Tutti i marchi di jeans devono indicare obbligatoriamente in etichetta la composizione del capo, con la percentuale delle diverse fibre tessili. Oltre al cotone, l’elastan si trova molto spesso, soprattutto nei modelli slim, ma la rivista francese sottolinea di stare molto attenti alla proporzione indicata. Infatti, se vi è più del 5% di questo materiale sintetico, i jeans non possono essere riciclati.

Alcuni jeans avevano però proporzioni di elastan molto superiori a quelle indicate dal produttore. È il caso dei jeans Celio ma anche degli Hollister e Diesel che, oltre a questo tessuto sintetico, contengono anche elastomultiestere, un altro materiale sintetico non indicato in etichetta.

Complessivamente, considerando tutti i parametri, il miglior paio di jeans è risultato essere quello a marchio Replay (da uomo). Mentre per le donne il Jeans Gémo.
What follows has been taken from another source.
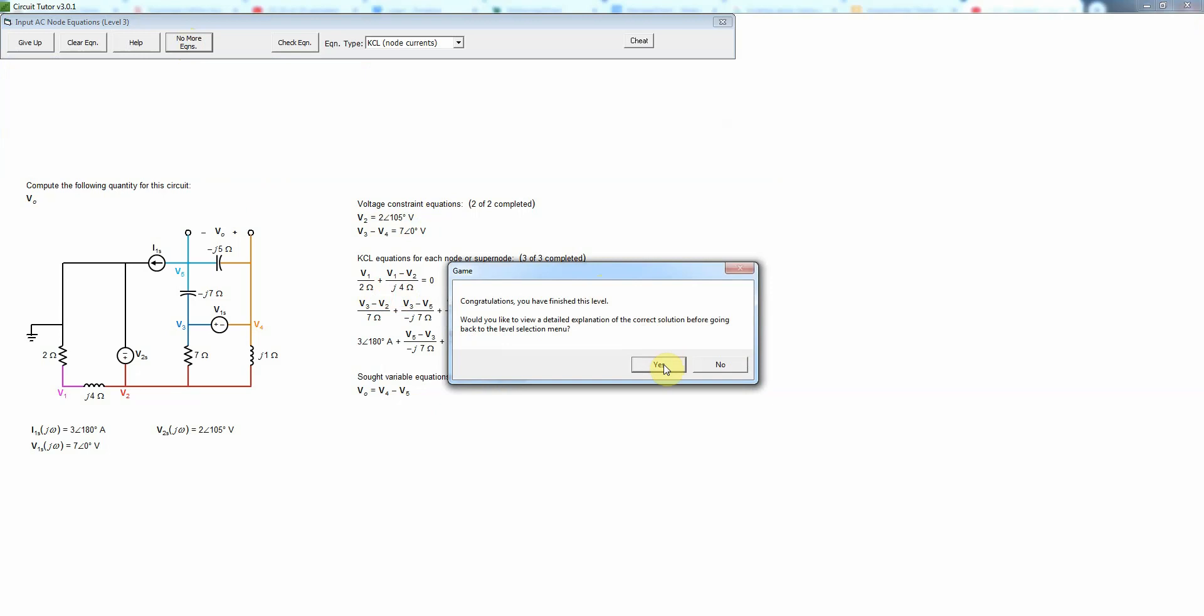We have the option of viewing a more detailed explanation but I'm going to skip that for now. Thank you.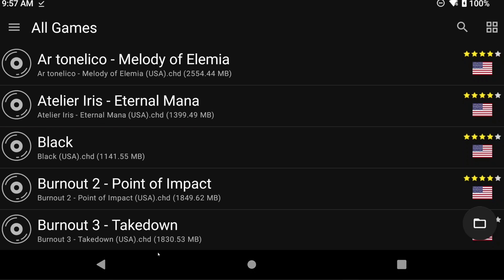Hey everyone, and welcome back to Joey's Retro Handhelds. In this video, we're going to be installing NetherSX2, which is a continuation of AetherSX2, a popular PS2 emulator for Android.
In fondo alla classifica, segnalato come rosso, vi è invece il jeans Diesel (da donna). Per gli uomini in ultima posizione troviamo invece il jeans Celio.
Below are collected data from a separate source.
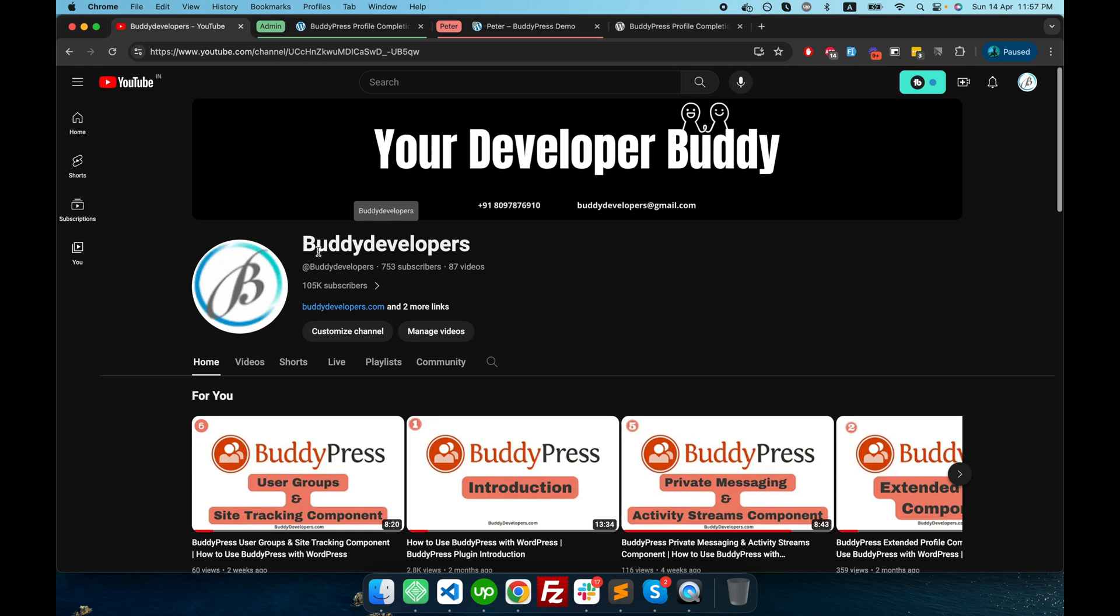And if you have any question related to BuddyPress or this plugin or anything, just tell me in the comment section. I reply to all the comments and have a good day. See you in the next video, guys.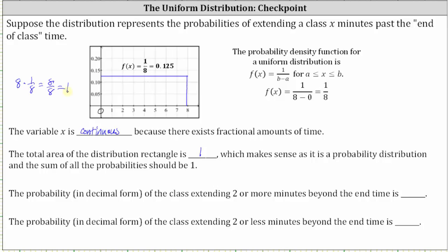Next, the probability in decimal form of the class extending two or more minutes beyond the end time — let's shade the area that represents this probability by shading the area under the probability density function to the right of two, or from two to eight. This red area represents the probability the class has extended two or more minutes.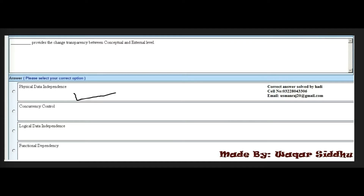Next MCQ: Dash provides change transparency between the conceptual and external level. First option is physical data independence, second is concurrency control, third is logical data independence, and fourth is functional dependency. The right answer is logical data independence — third option. This is a very important MCQ that has appeared repeatedly in student papers.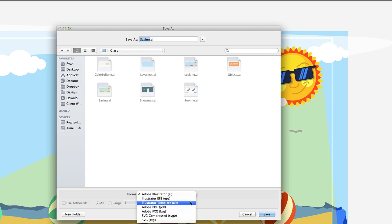Here we have another option to save as a template if we wish. We can save it as an Adobe PDF. Illustrator files can output PDFs, and they will retain their vector properties. So it'll be one of those PDFs that when you zoom in, it'll still be nice and clear and easy to read. And it does that for text and images inside of Illustrator documents.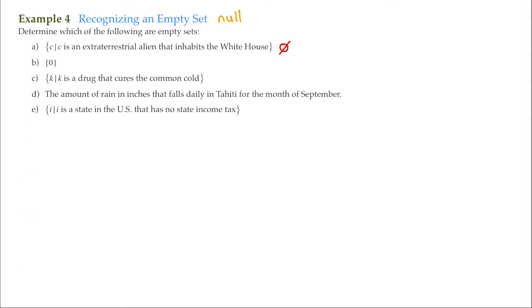So for C, it says K, given that K is a drug that cures the common cold. Now, I know there's a lot of therapies for the common cold, but I don't think there are any drugs that actually cure the common cold. So this is actually the empty set. And I'm just going to make that circle with a line through it.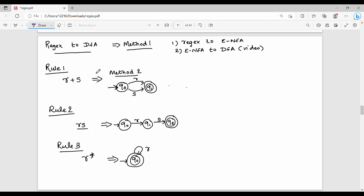Hi friends, in this video we will talk about Regex to DFA conversion Method 1. If you are a foreign author, most probably the answer case is this method. Method 2 perhaps is easier to do. If you are a foreign author, you can make a mistake in Method 1.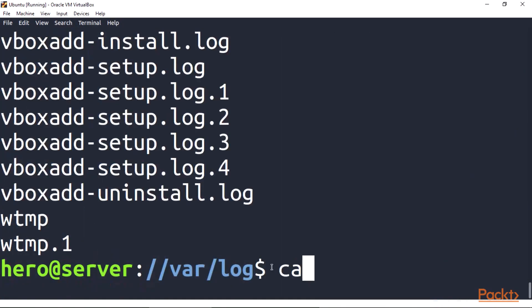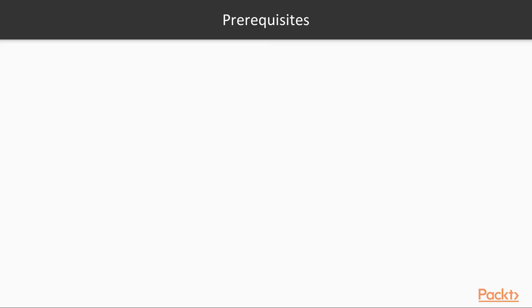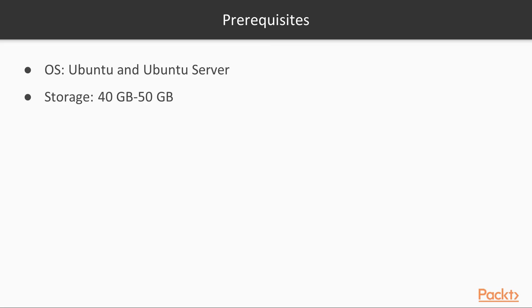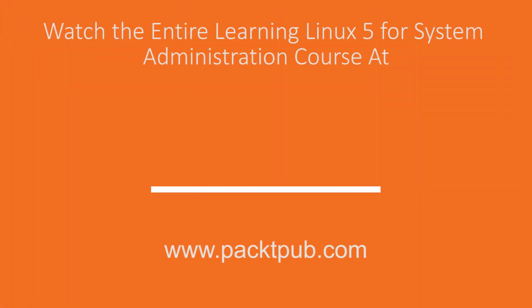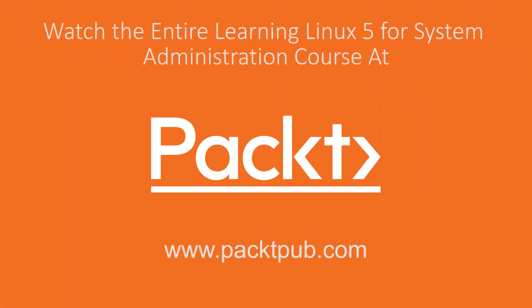We'll examine what's going on behind the curtains by reading and searching the logs. The course prerequisites are OS: Ubuntu and Ubuntu server, storage: 40 to 50 GB, and 4 GB of RAM or 8 GB of RAM.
Nelle seguenti tabelle i risultati del test.

jeans test

©60 Millions de Consommateurs

jeans donna test

©60 Millions de Consommateurs

Come scegliere i jeans

La rivista francese offre infine alcuni consigli a chi deve acquistare un paio di jeans e vuole fare una scelta attenta alla sostenibilità.

Molti jeans riportano in etichetta indicazioni di sostenibilità come “Eco wash”, “Wiser wash”, “Eco friendly” o anche “Better cotton Initiative” ma meglio non farsi abbindolare da tali slogan. Gli esperti della rivista suggeriscono di affidarsi ad etichette indipendenti controllate da enti autonomi come:

  • Ecolabel europeo che garantisce processi di produzione più puliti, alta qualità dei tessuti e durata. Limita l’uso di sostanze nocive nelle fibre tessili.
  • Ecocert Textile, certificazione che garantisce almeno il 70% di fibre naturali o da materiali rinnovabili o riciclati, la riduzione dei consumi di acqua ed energia ma anche l’utilizzo di coloranti, agenti tessili e processi di lavorazione più rispettosi dell’ambiente e della salute del consumatore.
  • Etichetta internazionale GOTS (Global Organic Textile Standard) che garantisce l’origine organica delle fibre e vieta le sostanze tossiche nella produzione o nella stampa di tessuti assicurando infine il rispetto fondamentale di condizioni di lavoro dignitose.
  • Etichetta Swiss BioRe che certifica che il cotone proviene da agricoltura biologica e che per la tintura non vengono utilizzati prodotti chimici. Assicura inoltre condizioni di lavoro eque per dipendenti e produttori.
  • Certificazione Oeko-Tex Standard 100 che garantisce che i tessuti etichettati – biologici e non – rispettino la soglia normativa per le sostanze inquinanti, cancerogene e allergeniche.
  • Il marchio Bluesign ha lo scopo di garantire che la produzione di abbigliamento, in fibre naturali o sintetiche, rispetti l’ambiente (divieti e restrizioni di sostanze pericolose per la salute, riduzione dei consumi di acqua ed energia, soglie per le emissioni in aria e in acqua).

Altre indicazioni utili sono le seguenti:

  • Leggere la composizione dei jeans,  evitando quelli con oltre il 5% di elastan che dunque non possono essere riciclati.
  • Scegliere jeans con il minor numero di “punti duri” come rivetti, bottoni e altri accessori. Questi creano problemi per il riciclaggio (e possono anche rovinare le magliette e altri capi in fase di lavaggio).
  • Privilegiare l’acquisto di jeans con un tessuto piuttosto spesso e solido. In questo caso la vita del capo sarà più lunga e di conseguenza minore sarà l’impatto ambientale associato alla produzione.

Infine, anche se l’etichetta consiglia di lavare i jeans ad alta temperatura, è sufficiente un lavaggio a 30° C. Si evita così un consumo eccessivo di acqua ed energia.